• PROVIDED DATA
-=-=-=-=-
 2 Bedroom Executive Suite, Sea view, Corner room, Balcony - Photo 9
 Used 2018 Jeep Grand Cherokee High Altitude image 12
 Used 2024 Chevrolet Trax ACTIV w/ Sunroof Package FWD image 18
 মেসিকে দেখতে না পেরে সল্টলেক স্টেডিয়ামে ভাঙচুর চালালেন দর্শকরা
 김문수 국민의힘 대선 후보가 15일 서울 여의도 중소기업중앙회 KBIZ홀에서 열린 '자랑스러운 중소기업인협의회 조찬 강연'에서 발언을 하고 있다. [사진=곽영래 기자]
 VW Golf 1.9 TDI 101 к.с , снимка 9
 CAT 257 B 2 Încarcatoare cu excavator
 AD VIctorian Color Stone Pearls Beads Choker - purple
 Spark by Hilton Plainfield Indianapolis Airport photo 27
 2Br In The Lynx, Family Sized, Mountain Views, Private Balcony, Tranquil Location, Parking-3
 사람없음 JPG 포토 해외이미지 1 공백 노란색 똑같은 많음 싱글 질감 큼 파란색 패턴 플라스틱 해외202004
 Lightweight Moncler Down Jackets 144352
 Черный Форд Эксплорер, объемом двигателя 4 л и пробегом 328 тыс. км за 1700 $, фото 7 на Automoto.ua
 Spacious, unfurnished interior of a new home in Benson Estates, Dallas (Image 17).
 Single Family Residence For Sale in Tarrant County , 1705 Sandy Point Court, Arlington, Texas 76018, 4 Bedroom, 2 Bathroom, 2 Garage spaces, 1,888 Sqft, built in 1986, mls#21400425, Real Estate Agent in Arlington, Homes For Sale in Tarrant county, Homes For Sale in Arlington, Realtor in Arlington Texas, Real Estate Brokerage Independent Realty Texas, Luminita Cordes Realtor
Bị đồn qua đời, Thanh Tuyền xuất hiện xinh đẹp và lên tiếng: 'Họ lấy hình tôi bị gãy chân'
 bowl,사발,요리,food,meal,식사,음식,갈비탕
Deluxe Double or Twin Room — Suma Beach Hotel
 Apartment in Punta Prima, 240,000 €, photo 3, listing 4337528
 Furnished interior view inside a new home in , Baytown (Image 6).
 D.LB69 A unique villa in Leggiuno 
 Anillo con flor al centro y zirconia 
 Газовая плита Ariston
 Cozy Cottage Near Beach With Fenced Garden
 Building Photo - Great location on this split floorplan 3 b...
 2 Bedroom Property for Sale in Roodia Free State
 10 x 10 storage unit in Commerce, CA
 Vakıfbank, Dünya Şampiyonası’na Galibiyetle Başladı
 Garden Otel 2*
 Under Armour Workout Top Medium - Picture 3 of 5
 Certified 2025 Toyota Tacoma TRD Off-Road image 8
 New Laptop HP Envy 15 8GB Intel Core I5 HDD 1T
-=-=-=-=-
• PROBLEM
Look for the word "Garden". Copy out every line of the data that has it.

• RESPONSE BELOW
 Cozy Cottage Near Beach With Fenced Garden
 Garden Otel 2*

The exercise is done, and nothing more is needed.